3.4 Using Bracket Expressions

As mentioned earlier, a bracket expression matches any character amongst those listed between the opening and closing square brackets.

Within a bracket expression, a range expression consists of two characters separated by a hyphen. It matches any single character that sorts between the two characters, based upon the system's native character set. For example, ‘[0-9]’ is equivalent to ‘[0123456789]’. (See Ranges and Locales, for an explanation of how the POSIX standard and gawk have changed over time. This is mainly of historical interest.)

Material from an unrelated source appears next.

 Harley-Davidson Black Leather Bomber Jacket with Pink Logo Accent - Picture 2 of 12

To include one of the characters ‘\’, ‘]’, ‘-’, or ‘^’ in a bracket expression, put a ‘\’ in front of it. For example:

     [d\]]

matches either ‘d’ or ‘]’.

This treatment of ‘\’ in bracket expressions is compatible with other awk implementations and is also mandated by POSIX. The regular expressions in awk are a superset of the POSIX specification for Extended Regular Expressions (EREs). POSIX EREs are based on the regular expressions accepted by the traditional egrep utility.

Character classes are a feature introduced in the POSIX standard. A character class is a special notation for describing lists of characters that have a specific attribute, but the actual characters can vary from country to country and/or from character set to character set. For example, the notion of what is an alphabetic character differs between the United States and France.

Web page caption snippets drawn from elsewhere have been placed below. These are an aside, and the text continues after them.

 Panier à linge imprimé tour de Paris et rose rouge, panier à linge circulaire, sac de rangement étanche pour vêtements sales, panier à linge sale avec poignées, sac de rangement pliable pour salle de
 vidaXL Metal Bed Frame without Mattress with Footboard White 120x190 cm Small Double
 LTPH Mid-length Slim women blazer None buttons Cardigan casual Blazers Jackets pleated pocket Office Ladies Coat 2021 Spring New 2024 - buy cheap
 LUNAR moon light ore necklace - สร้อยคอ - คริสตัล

A character class is only valid in a regexp inside the brackets of a bracket expression. Character classes consist of ‘[:’, a keyword denoting the class, and ‘:]’. table-char-classes lists the character classes defined by the POSIX standard.

Class Meaning
[:alnum:] Alphanumeric characters.
[:alpha:] Alphabetic characters.
[:blank:] Space and TAB characters.
[:cntrl:] Control characters.
[:digit:] Numeric characters.
[:graph:] Characters that are both printable and visible. (A space is printable but not visible, whereas an ‘a’ is both.)
[:lower:] Lowercase alphabetic characters.
[:print:] Printable characters (characters that are not control characters).
[:punct:] Punctuation characters (characters that are not letters, digits, control characters, or space characters).
[:space:] Space characters (such as space, TAB, and formfeed, to name a few).
[:upper:] Uppercase alphabetic characters.
[:xdigit:] Characters that are hexadecimal digits.

Table 3.1: POSIX Character Classes

For example, before the POSIX standard, you had to write /[A-Za-z0-9]/ to match alphanumeric characters. If your character set had other alphabetic characters in it, this would not match them. With the POSIX character classes, you can write /[[:alnum:]]/ to match the alphabetic and numeric characters in your character set.

Two additional special sequences can appear in bracket expressions. These apply to non-ASCII character sets, which can have single symbols (called collating elements) that are represented with more than one character. They can also have several characters that are equivalent for collating, or sorting, purposes. (For example, in French, a plain “e” and a grave-accented “è” are equivalent.) These sequences are:

Collating symbols
Multicharacter collating elements enclosed between ‘[.’ and ‘.]’. For example, if ‘ch’ is a collating element, then [[.ch.]] is a regexp that matches this collating element, whereas [ch] is a regexp that matches either ‘c’ or ‘h’.


Equivalence classes
Locale-specific names for a list of characters that are equal. The name is enclosed between ‘[=’ and ‘=]’. For example, the name ‘e’ might be used to represent all of “e,” “è,” and “é.” In this case, [[=e=]] is a regexp that matches any of ‘e’, ‘é’, or ‘è’.

These features are very valuable in non-English-speaking locales.

CAUTION: The library functions that gawk uses for regular expression matching currently recognize only POSIX character classes; they do not recognize collating symbols or equivalence classes.